_TO DO_
Which lines make up the answer? Those from the line with "CPA Versailies Palais" through the end of the data; reproduce them exactly.

= Beginning of Section =

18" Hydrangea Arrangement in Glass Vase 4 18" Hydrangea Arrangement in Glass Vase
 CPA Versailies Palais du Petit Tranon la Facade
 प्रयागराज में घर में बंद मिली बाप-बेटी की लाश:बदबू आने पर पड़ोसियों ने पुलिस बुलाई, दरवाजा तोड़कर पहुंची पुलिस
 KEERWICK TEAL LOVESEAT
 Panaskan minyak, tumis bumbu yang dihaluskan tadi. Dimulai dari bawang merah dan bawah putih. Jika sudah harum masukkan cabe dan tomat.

= End of Section =

_EXPECTED ANSWER_
 CPA Versailies Palais du Petit Tranon la Facade
 प्रयागराज में घर में बंद मिली बाप-बेटी की लाश:बदबू आने पर पड़ोसियों ने पुलिस बुलाई, दरवाजा तोड़कर पहुंची पुलिस
 KEERWICK TEAL LOVESEAT
 Panaskan minyak, tumis bumbu yang dihaluskan tadi. Dimulai dari bawang merah dan bawah putih. Jika sudah harum masukkan cabe dan tomat.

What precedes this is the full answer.